Population specific Fsts from the 1000 genomes

We will now explore the first 20 megabases of chromosome 22 from samples of the 1000 genome project and will find that negative population specific \(F_{ST}^i\) are not uncommon.

Load chromosome 22 fragment VCF file from the 1000 genome into R (see practical 1) and the samples description

ch22<-read.VCF("chr22_Mb0_20.recode.vcf.gz")
samp.desc.url<-"https://www2.unil.ch/popgen/teaching/SISG18/integrated_call_samples_v3.20130502.ALL.panel"
samp.desc<-read.table(samp.desc.url,header=TRUE,stringsAsFactors = TRUE)
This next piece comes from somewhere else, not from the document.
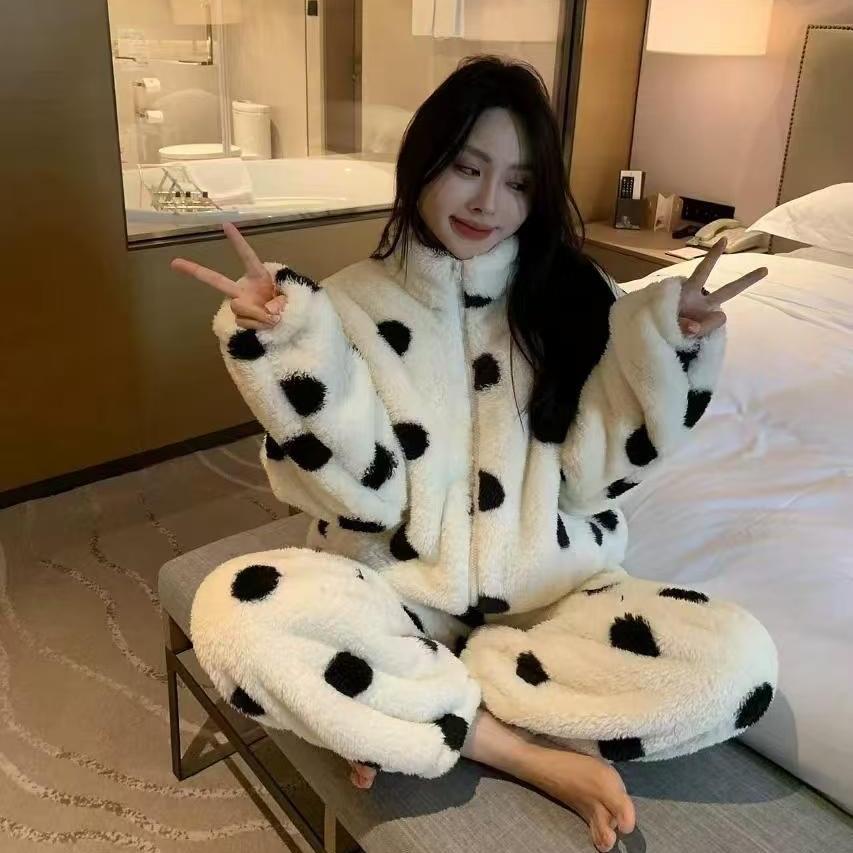 北极绒拉链设计北极绒冬季居家服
Describe object samp.desc: Print a table of the number of samples per super_pop and pop

with(samp.desc,table(pop,super_pop))

Verify that samples are the same and in the same order in ch22 and samp.desc.

all.equal(ch22@ped$id,as.character(samp.desc$sample),check.attributes = FALSE)

# if not (in different order and or some missing) :
# use match(ch22@ped$id,samp.desc$sample)

Estimate population and continent \(F_{ST}\)s from this dataset (it takes some time). You will have to download the Allele sharing (matching) file first

# From dosage data:
# fst.ch22.pop<-fst.dosage(ch22,pop=samp.desc$pop)
# fst.ch22.cont<-fst.dosage(ch22,pop=samp.desc$super_pop)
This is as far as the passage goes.